Sì, il vino: è lui, non l’uva, il vero “frutto” della vigna. E come la vigna è ricco di doni concreti e, al contempo, denso di rimandi simbolici. Da sempre, “dai tempi di Noè” appunto, accanto al pane del bisogno, al pane quotidiano necessario per vivere, l’uomo ha avuto il vino della gratuità e della festa: una bevanda non necessaria alla sopravvivenza, ma preziosa per la consolazione, la gioia condivisa, l’amicizia ritrovata…
Il vino: bevanda che, bevuta in solitudine, ne stordisce l’amarezza solo per accentuarne la tristezza, ma anche bevanda che, gustata nell’intimità di un’amicizia, ne esalta il sapore e ne affina il piacere. Bevanda esigente, anche, perché richiede a chi la beve lo sforzo di liberarsi dalla schiavitù dell’efficienza esasperata per abbandonarsi alla gratuità senza la quale la vita è priva di sapore: bevanda che invita a cantare la vita, a immettere nella consapevolezza della morte la volontà di dire sì alla vita.
Forse è per tutti questi aspetti – oltre che per il discernimento che richiede nel conoscere se stessi, i propri limiti e quelli degli altri -, è per questa lettura dell’esistenza nel segno della gratuità e della gioia condivisa che il vino è divenuto nella Bibbia e in altre tradizioni spirituali il simbolo della sapienza.

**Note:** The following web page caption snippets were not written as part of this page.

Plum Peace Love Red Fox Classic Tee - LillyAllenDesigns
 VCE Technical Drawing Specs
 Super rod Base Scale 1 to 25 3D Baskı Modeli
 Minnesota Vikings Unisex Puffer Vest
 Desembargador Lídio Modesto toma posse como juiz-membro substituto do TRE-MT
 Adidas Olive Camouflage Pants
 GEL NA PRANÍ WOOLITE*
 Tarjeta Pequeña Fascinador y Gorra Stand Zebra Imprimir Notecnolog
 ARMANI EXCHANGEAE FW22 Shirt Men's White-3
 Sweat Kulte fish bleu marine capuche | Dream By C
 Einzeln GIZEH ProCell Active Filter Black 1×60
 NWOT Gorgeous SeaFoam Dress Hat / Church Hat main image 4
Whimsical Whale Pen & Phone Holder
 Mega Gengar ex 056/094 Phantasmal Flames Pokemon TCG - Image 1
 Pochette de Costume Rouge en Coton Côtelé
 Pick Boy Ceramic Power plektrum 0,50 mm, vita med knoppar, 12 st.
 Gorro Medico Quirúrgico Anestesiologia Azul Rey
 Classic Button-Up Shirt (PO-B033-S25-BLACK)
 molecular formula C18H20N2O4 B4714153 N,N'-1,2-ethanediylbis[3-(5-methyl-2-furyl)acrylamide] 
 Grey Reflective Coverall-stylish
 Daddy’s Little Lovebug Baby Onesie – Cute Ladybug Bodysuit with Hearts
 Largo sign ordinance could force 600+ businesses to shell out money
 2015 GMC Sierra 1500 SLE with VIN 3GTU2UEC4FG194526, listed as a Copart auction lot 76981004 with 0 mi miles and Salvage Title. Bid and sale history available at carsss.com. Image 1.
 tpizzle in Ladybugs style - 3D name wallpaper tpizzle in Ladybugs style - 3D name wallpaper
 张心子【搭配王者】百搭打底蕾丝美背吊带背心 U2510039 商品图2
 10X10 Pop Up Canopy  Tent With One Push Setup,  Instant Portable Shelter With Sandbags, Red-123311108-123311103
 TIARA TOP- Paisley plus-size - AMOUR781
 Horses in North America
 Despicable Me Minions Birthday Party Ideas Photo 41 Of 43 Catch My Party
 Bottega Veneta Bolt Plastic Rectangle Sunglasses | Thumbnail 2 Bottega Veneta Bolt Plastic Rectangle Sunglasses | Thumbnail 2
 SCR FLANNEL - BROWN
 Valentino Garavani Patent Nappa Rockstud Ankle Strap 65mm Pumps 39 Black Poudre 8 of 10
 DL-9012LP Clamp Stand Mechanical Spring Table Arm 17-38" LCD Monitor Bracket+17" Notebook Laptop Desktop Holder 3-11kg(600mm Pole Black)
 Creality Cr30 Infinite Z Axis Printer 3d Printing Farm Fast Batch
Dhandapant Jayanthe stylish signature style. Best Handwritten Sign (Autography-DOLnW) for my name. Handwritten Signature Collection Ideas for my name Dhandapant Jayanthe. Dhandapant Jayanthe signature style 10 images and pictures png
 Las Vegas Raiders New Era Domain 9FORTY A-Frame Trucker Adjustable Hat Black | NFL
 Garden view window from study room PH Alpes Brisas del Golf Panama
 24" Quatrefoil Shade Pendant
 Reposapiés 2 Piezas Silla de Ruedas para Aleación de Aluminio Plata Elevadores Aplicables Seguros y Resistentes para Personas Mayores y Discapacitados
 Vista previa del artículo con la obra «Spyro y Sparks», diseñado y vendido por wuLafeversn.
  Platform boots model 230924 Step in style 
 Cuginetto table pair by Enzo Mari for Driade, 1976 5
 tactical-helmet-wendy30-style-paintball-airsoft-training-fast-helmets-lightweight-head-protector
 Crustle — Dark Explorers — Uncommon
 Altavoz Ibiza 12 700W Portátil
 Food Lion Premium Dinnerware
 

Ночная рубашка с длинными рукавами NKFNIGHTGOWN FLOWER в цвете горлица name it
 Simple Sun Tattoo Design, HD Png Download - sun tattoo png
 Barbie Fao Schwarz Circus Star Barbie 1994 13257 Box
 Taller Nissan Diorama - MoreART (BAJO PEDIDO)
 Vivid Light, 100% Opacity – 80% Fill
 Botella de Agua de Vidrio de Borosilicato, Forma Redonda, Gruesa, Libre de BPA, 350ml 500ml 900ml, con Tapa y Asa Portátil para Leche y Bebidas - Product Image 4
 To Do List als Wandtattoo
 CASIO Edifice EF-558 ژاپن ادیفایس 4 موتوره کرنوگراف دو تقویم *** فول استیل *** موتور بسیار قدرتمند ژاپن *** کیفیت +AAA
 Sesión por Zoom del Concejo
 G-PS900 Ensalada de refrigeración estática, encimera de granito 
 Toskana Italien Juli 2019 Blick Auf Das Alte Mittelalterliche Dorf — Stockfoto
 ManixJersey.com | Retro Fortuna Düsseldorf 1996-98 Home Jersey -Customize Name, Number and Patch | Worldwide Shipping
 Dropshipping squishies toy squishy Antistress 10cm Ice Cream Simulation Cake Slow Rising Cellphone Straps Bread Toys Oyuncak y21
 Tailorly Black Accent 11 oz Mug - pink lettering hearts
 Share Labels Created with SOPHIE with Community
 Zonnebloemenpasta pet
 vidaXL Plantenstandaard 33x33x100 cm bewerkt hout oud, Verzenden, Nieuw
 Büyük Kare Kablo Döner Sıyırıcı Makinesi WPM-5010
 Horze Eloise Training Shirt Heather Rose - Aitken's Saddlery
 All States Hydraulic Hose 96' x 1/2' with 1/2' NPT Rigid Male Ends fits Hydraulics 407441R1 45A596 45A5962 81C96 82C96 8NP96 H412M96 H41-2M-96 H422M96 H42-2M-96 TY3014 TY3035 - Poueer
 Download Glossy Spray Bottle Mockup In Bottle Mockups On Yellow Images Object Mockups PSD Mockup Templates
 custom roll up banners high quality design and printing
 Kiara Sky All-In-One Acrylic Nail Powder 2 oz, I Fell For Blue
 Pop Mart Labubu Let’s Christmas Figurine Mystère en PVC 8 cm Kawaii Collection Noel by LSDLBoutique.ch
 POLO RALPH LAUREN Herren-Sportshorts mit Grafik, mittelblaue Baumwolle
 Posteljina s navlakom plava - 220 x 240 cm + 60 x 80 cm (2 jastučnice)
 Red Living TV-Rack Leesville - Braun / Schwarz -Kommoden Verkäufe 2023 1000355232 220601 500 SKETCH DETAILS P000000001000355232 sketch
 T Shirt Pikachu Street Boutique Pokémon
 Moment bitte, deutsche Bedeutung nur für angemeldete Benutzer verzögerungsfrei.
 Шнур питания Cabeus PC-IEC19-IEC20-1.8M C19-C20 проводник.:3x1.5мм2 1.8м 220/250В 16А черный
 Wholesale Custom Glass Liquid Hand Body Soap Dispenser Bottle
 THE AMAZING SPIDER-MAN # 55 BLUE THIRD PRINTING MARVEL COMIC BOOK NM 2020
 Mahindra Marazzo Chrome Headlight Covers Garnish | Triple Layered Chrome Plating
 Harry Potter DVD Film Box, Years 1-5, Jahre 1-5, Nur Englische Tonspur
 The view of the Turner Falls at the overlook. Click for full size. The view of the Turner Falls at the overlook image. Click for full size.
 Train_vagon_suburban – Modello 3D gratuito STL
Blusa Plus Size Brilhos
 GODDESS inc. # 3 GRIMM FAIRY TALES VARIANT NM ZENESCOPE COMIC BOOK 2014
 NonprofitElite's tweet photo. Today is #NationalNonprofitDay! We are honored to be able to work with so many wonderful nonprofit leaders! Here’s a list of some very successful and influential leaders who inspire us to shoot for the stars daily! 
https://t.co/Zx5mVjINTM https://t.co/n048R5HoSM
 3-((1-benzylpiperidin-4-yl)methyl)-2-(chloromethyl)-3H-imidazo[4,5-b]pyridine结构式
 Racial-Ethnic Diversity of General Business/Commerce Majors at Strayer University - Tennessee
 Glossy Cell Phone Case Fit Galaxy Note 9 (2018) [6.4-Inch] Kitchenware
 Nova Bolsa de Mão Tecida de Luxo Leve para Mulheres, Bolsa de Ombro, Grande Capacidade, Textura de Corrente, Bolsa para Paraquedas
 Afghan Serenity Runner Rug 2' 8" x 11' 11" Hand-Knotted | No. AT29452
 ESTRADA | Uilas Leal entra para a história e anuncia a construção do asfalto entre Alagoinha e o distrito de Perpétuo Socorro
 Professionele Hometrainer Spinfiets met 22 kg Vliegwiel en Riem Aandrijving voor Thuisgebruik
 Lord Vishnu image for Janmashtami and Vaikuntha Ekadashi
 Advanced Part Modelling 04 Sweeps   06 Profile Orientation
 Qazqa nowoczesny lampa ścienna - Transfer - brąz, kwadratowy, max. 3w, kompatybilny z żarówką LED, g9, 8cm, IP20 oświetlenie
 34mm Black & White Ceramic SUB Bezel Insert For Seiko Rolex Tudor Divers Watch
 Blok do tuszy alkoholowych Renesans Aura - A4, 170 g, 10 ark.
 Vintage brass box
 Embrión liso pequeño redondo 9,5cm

Sapienza perché dà “sapore” alla vita, ma anche perché il vino sa sciogliere il cuore e farne emergere ciò che davvero lo abita, sa trasformare la semplice assunzione di cibo in un banchetto, così come la fermentazione ha trasfigurato l’umile succo d’uva in bevanda inebriante. […] non a caso Gesù stesso porrà il suo primo “segno” alle nozze di Cana sotto il sigillo di una gioia condivisa grazie al vino migliore e lascerà ai suoi discepoli il comandamento nuovo dell’amore attorno al “segno” di un pane spezzato e di una coppa di vino versato perché tutti abbiano la vita in pienezza.